Нам было по девятнадцать
Шрифт:
Старики и женщины с детьми кое-как откопали выход и выбрались наружу. Все что они видели вокруг, слилось в их преставлении в одну страшную незабываемую картину ужаса войны, взрыв снарядов, мин и гранат, тарахтение пулеметов и трескотня автоматов, грохот и крики. А у ворот, направив на жильцов автоматы, стояли немцы. С чердака в сторону реки строчил их пулемет.

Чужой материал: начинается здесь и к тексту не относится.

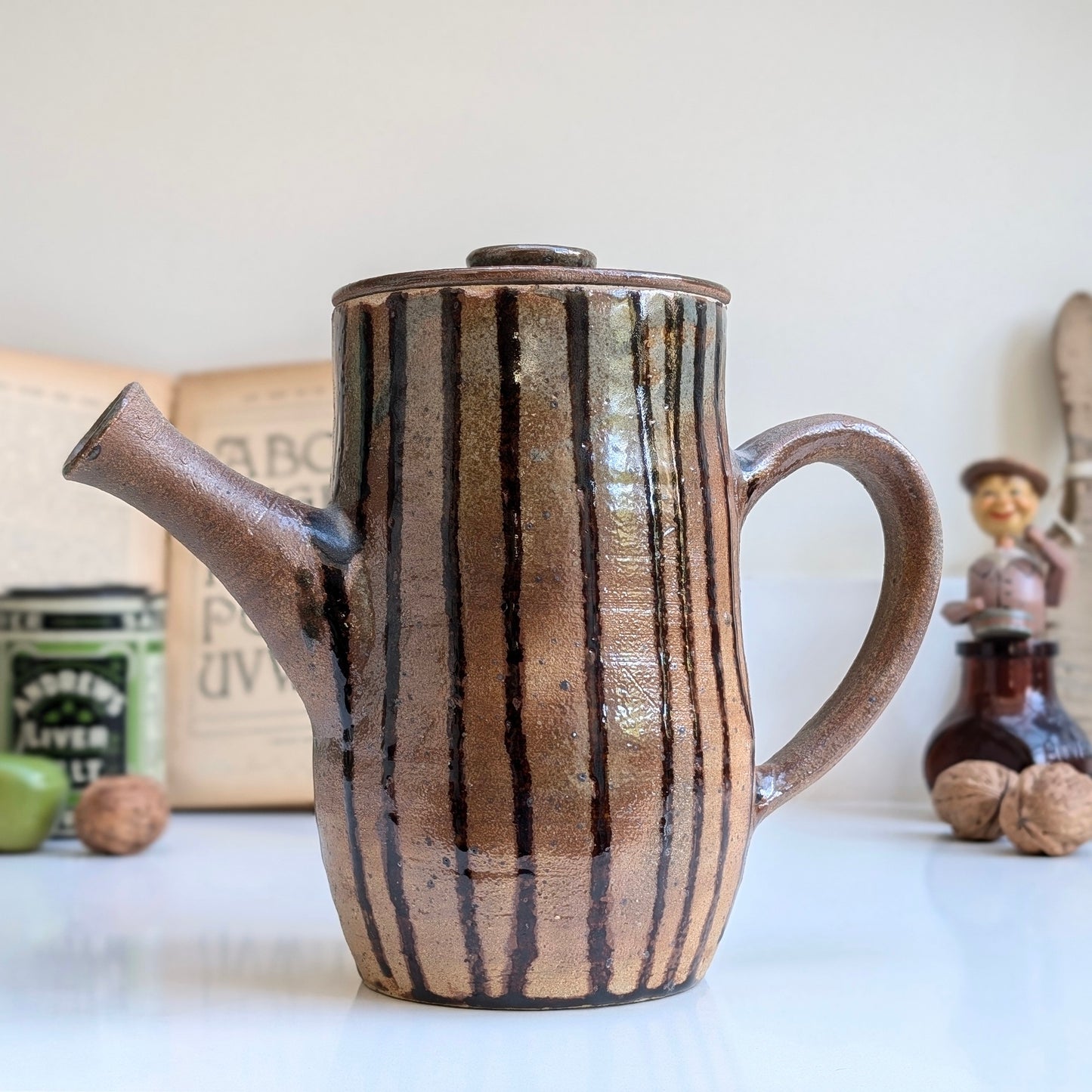 Hand Thrown Studio Pottery Striped Coffee Pot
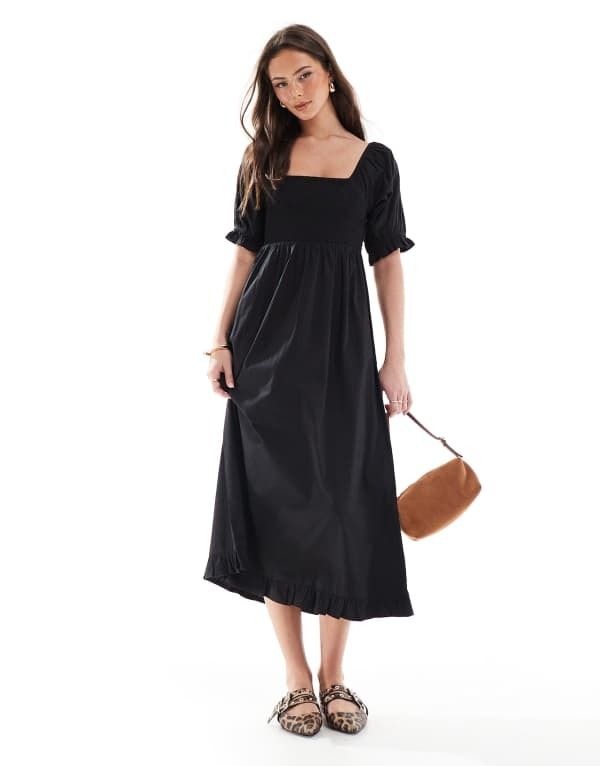 ウェンズデーガール レディース トップス ワンピース Wednesdays Girl shirred detail midaxi smock dress Black ブラック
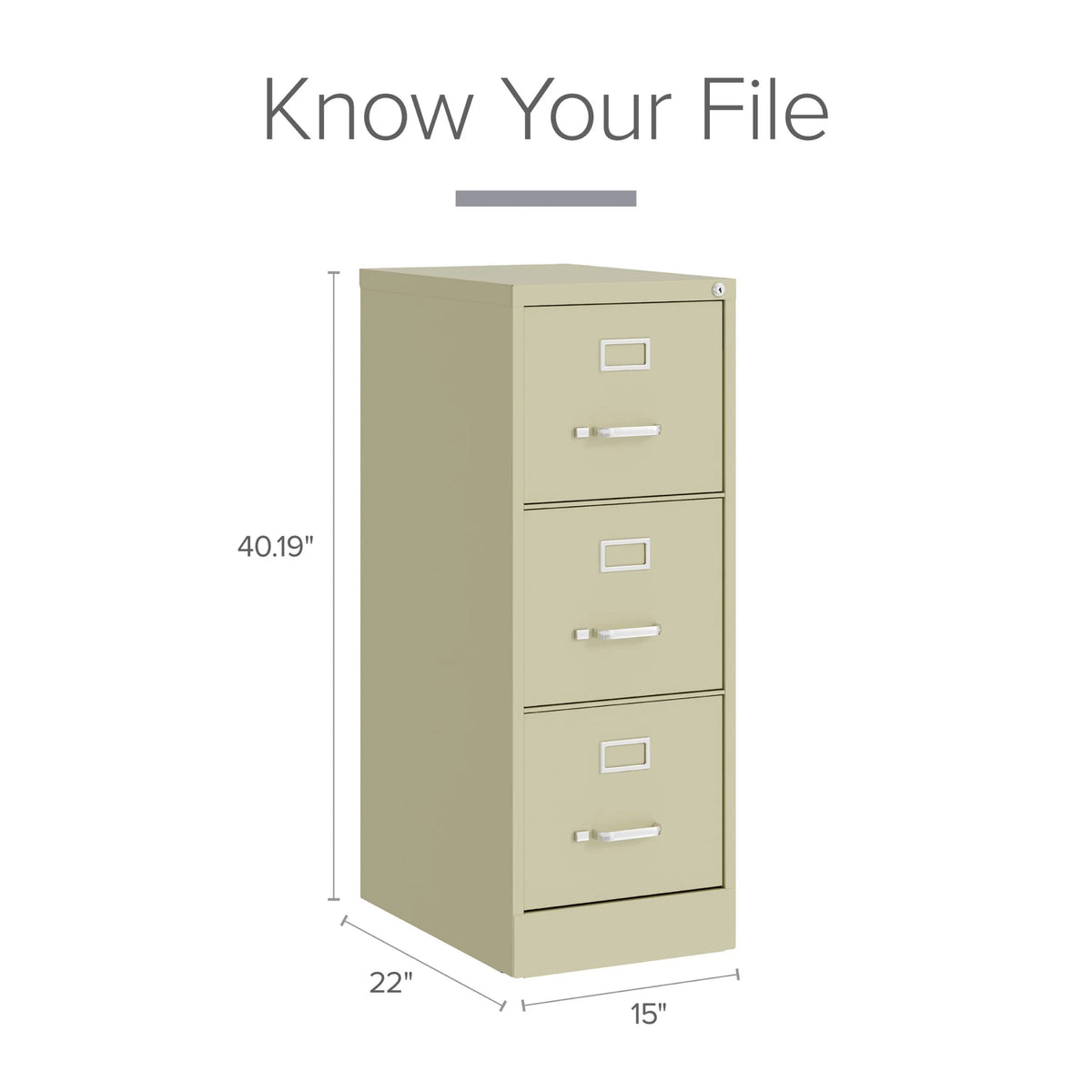Hirsh 22" Deep 3 Drawer Letter Width Vertical File Cabinet, Commercial Grade, Gray
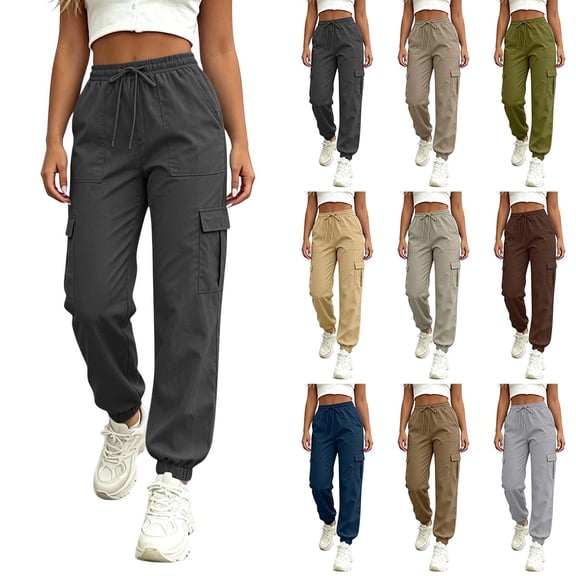 YABCSAZ Cargo Pants for Women High Elastic Waisted Quick Dry Hiking Pants Stretchy Baggy Joggers Multi Pockets Combat Military Trousers Streetwear with Pockets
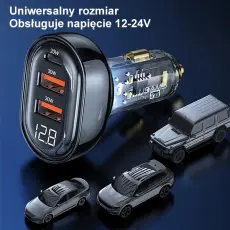 USAMS - USAMS Billaddare 2xUSB+1xUSB-C 80W Fast Charge (US-CC159) &ndash; Bl&aring;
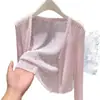 Cárdigan de Hilo Delgado Azul Hielo para Mujer, Ropa Exterior de Verano tipo Vestido sin Mangas, Camisa para Aire Acondicionado, Chal Protector Solar, Top Cover-Up para Mujer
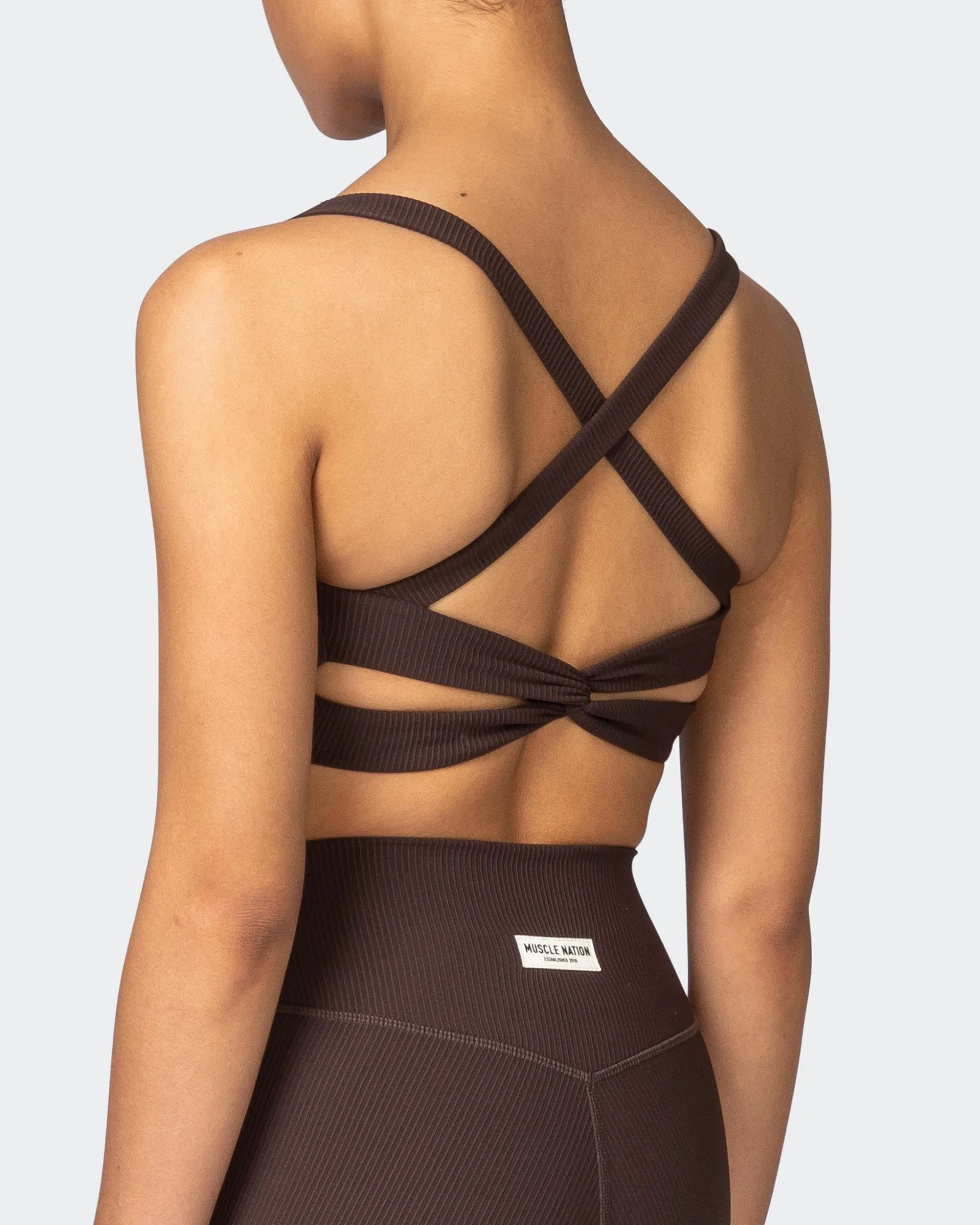 Twist Rib Bra - Cocoa sold by Muscle Nation product image thumbnail 5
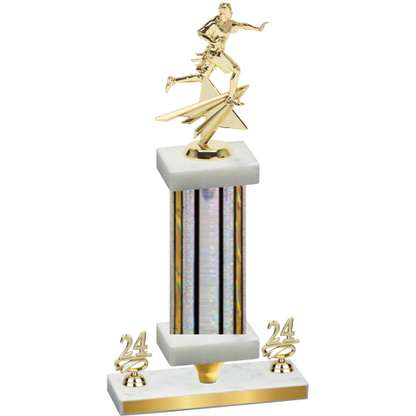 Premium Single Silver Glacier Year Flag Football Trophy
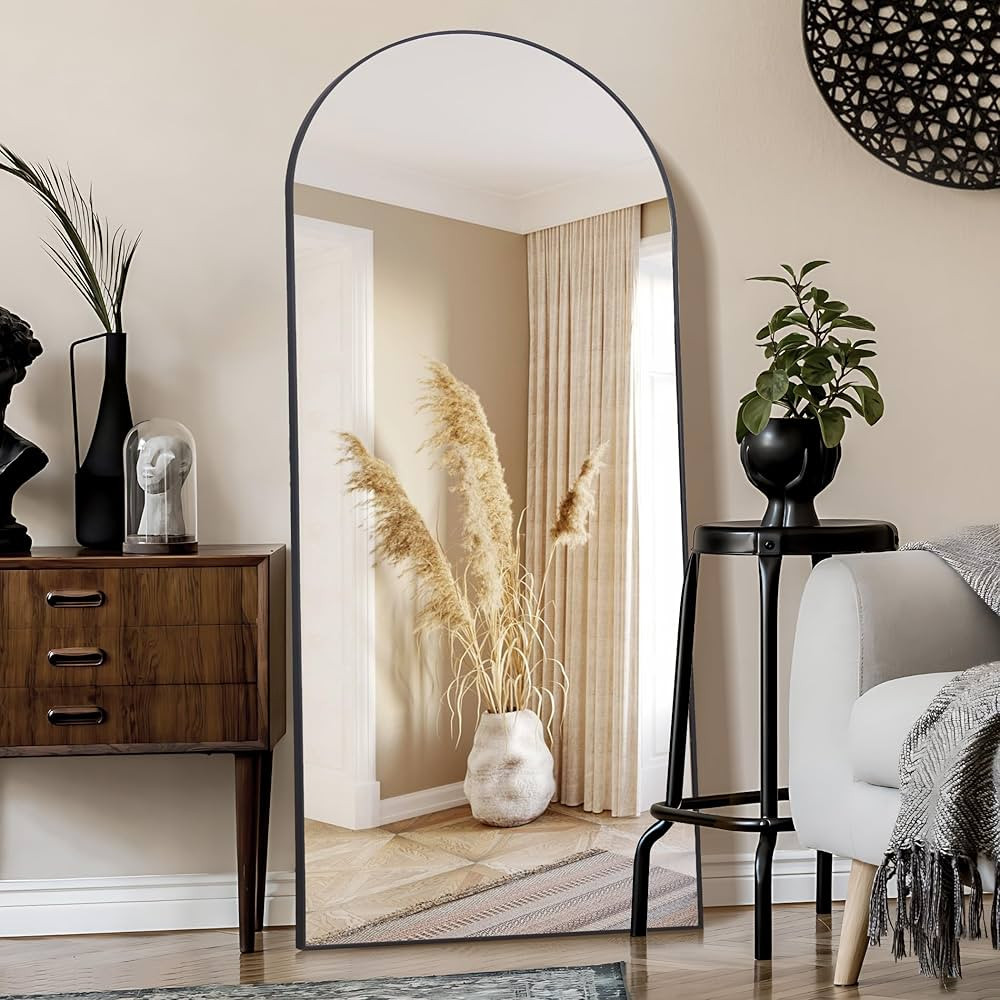 KOCUUY Arched Full Length Mirror, 71”x30” Floor Length Mirror, Black Full Body Mirror Bedroom... | Amazon (US)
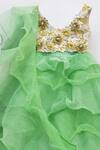 Fayon Kids_Green Net, Organza Sequins, Fabric Flowers Embellished Lehenga Set _Online_at_Aza_Fashions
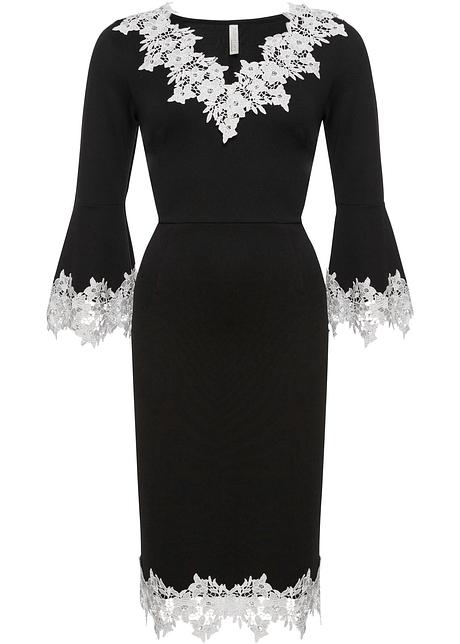 Jerseyklänning med spets svartvit BODYFLIRT boutique köp Klänning med volang svartvit BODYFLIRT boutique bonprix.se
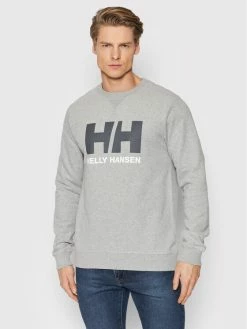 Η καλύτερη συμφωνία 😀 Helly Hansen Άνδρες Μπλούζες Χωρίς Φερμουάρ Μπλούζα Hh Logo Crew 34000 Γκρι Regular Fit ❤️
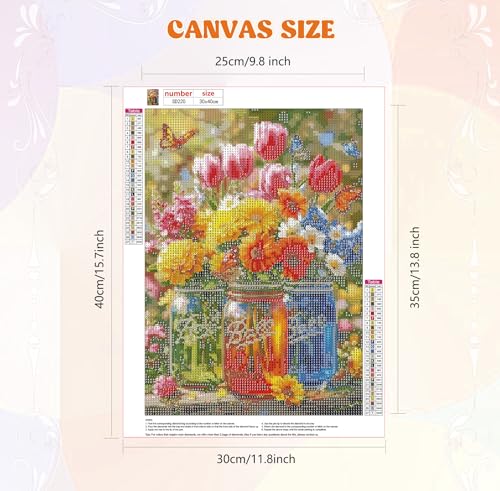 Image of QENSPE Diamond Art Kits for Adults, Flowers Diamond Painting Kits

«Конец. Всех перебьет сейчас». – Подумали в страхе вылезшие из убежища люди. Но их не расстреляли. Немцы кричали на них что-то по своему, толкали, выгоняли всех за ворота на открытую для обстрела улицу. Беспорядочной толпой пошли беззащитные люди по улице Свердлова в сторону такой же бурлящей улицы Салтыкова – Щедрина. Они двигались через охваченные пожаром улицы,
Около восьми часов вечера, а по-зимнему очень поздно, Валя с матерью и с маленькими сестричками и братиками добрались до тетки, к самой хлюстенской больнице. Несколько дней Иконниковы провели там, но оттуда выгнали их фашисты. И пошли они дальше бродить по городу без продуктов, без теплой одежды.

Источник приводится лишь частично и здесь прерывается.